NOTE:- These are the same emails as I specified in the elasticsearch.yml and watcher configuration.

It seems I have issue in the elasticsearch.yml configuration.

spinscale · April 29, 2016, 1:59pm

Hey,

please google for that particular error message. Looks to me as if smtp auth is not supported by exchange out of the box and requires configuration. Can you tell me how your current authentication works with your exchange server, so one can see if java mail supports it?

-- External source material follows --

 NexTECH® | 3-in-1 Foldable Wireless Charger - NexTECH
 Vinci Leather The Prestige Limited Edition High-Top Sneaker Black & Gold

Also setting up a small java program usign javamail would allow to rule out java as a problem source.

--Alex

aviral_srivastava · April 29, 2016, 2:29pm

Thanks Alex for your suggestion,

I wrote a smail java program using javamail and I was able to send email.
package com.mail;

import java.util.;
import javax.mail.;
import javax.mail.internet.;
import javax.activation.;

public class SendEmail
{
public static void main(String [] args)
{
// Recipient's email ID needs to be mentioned.
String to = "aviral.srivastava@company.com";

  // Sender's email ID needs to be mentioned
  String from = "webtranslatortool.in@company.com";

  // Assuming you are sending email from localhost
  String host = "ismtp.corp.company.com";

  // Get system properties
  Properties properties = System.getProperties();

  // Setup mail server
  properties.setProperty("mail.smtp.host", host);

  // Get the default Session object.
  Session session = Session.getDefaultInstance(properties);

  try{
     // Create a default MimeMessage object.
     MimeMessage message = new MimeMessage(session);

     // Set From: header field of the header.
     message.setFrom(new InternetAddress(from));

     // Set To: header field of the header.
     message.addRecipient(Message.RecipientType.TO, new InternetAddress(to));

     // Set Subject: header field
     message.setSubject("This is the Subject Line!");

     // Now set the actual message
     message.setText("This is actual message");

     // Send message
     Transport.send(message);
     System.out.println("Sent message successfully....");
  }catch (MessagingException mex) {
     mex.printStackTrace();
  }

}
}

It seems authentication is not required and can you help me what should i configure in elastisearch.yml file

spinscale · April 29, 2016, 3:08pm

recheck and adapt your watcher configuration, it is vastly different using SMTP auth and TLS, you should remove those settings.